Techdirt's think tank, the Copia Institute, is working with the Trust & Safety Professional Association and its sister organization, the Trust & Safety Foundation, to produce an ongoing series of case studies about content moderation decisions. These case studies are presented in a neutral fashion, not aiming to criticize or applaud any particular decision, but to highlight the many different challenges that content moderators face and the tradeoffs they result in. Find more case studies here on Techdirt and on the TSF website.

Content Moderation Case Study: Pretty Much Every Platform Overreacts To Content Removal Stimuli (2015)

from the overblocking-is-the-norm dept

Summary: Content moderation at scale often involves significant tradeoffs between diverse interests. It is often difficult for those without experience in the field to recognize these competing interests.

Social media services aren't just beholden to their users. They're also at the relative mercy of dozens of competing interests at all times.

Users expect one thing. A bunch of governments expect another. Internal policies and guidelines result in another layer of moderation. Then there are the relatively straightforward obligations platforms must fulfill to retain their safe harbors under the DMCA.
So what happens when all of these competing interests collide? Well, according to multiple studies, the most common side effect is over-moderation: the deletion of content that's not in violation of anything, just in case.

For the past half-decade, Stanford Law School's Daphne Keller has been tracking platforms' responses to external stimuli: the pressures applied by outside interests that -- for good or evil -- want social media services to expand their moderation efforts.

And for most of that half-decade, Keller has seen "good faith" efforts expand past the immediate demands to encompass preemptive removal of content that has yet to offend any one of the hundreds of stakeholders applying legal pressure to US-based tech companies.

The research shows large companies are just as preemptively compliant as smaller companies, even though smaller companies have much more at risk.

The easiest, cheapest, and most risk-avoidant path for any technical intermediary is simply to process a removal request and not question its validity. A company that takes an “if in doubt, take it down” approach to requests may simply be a rational economic actor. Small companies without the budget to hire lawyers, or those operating in legal systems with unclear protections, may be particularly likely to take this route.

Multiple studies are cited, and they appear to reach the same conclusion, whether it involves a platform with millions of users or a small group catering to a niche audience: when it doubt, take it out.

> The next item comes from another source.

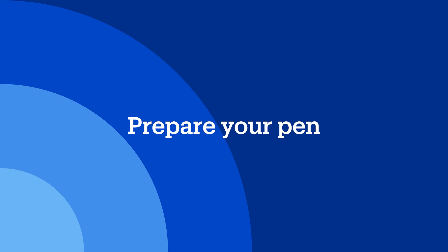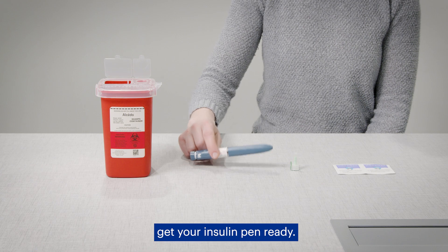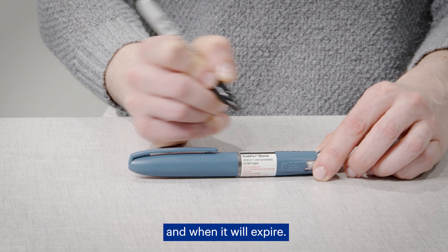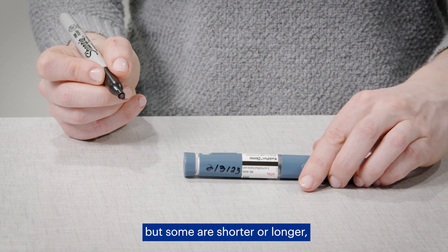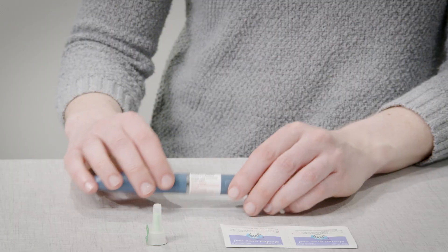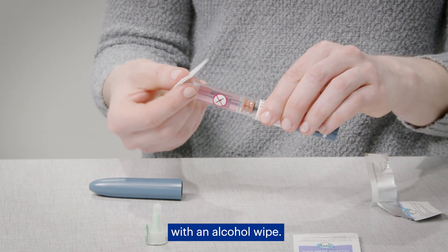Prepare your pen. Once you have your supplies, get your insulin pen ready. Write down the date you open the pen and when it will expire. Most pens are good for 28 days, but some last shorter or longer, so be sure to check the packaging. Next, clean the rubber seal on the insulin pen with an alcohol wipe.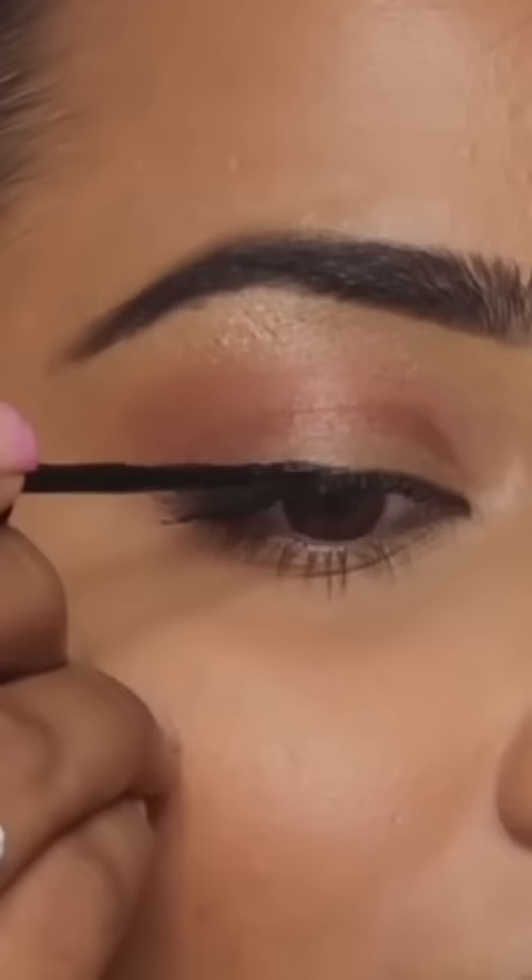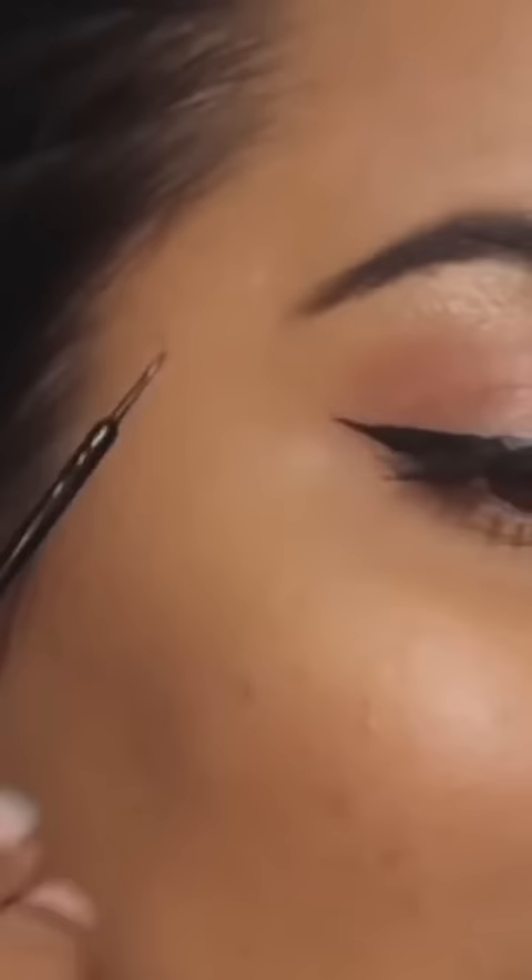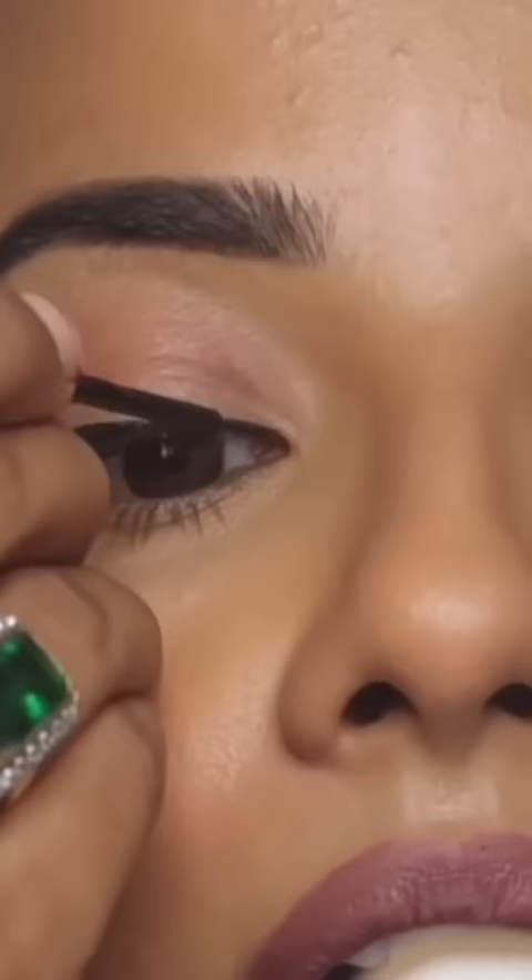First of all, fill it in. This is our winged eyeliner created.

Decisions to be made by platforms:

  • Should a premium be placed on protecting user content in the face of vague takedown demands?
  • Does protecting users from questionable takedown demands result in anything more quantifiable than "goodwill?" 
  • Are efforts being made to fight back against mistargeted or unlawful content removal requests? Is the expense/liability exposure too costly to justify defending users against unlawful demands from outside entities?
Questions and policy implications to consider:
  • Do platforms ultimately serve their users' interests or the more powerful interests applying pressure from the outside?
  • Is staying alive to "fight another day" ultimately of more use to platform users than taking a stand that might result in being permanently shut down? 
  • Is it wise to attempt to satisfy all stakeholders in content moderation issues? Should platforms choose a side (users v. outside complainants) or is it wiser to "play the middle" as much as possible?
  • Are there fungible advantages to deciding users are more important than outside entities who may have the power to dismantle services specializing in third-party content?
Resolution: The war between users and outside interests continues. As pressure mounts to moderate more and more content, users are often those who feel the squeeze first. The larger the platform, the higher the demands. But larger platforms are more capable of absorbing the costs of compliance. Smaller ecosystems need more protection but are often incapable of obtaining the funds needed to fight legal battles on the behalf of their users.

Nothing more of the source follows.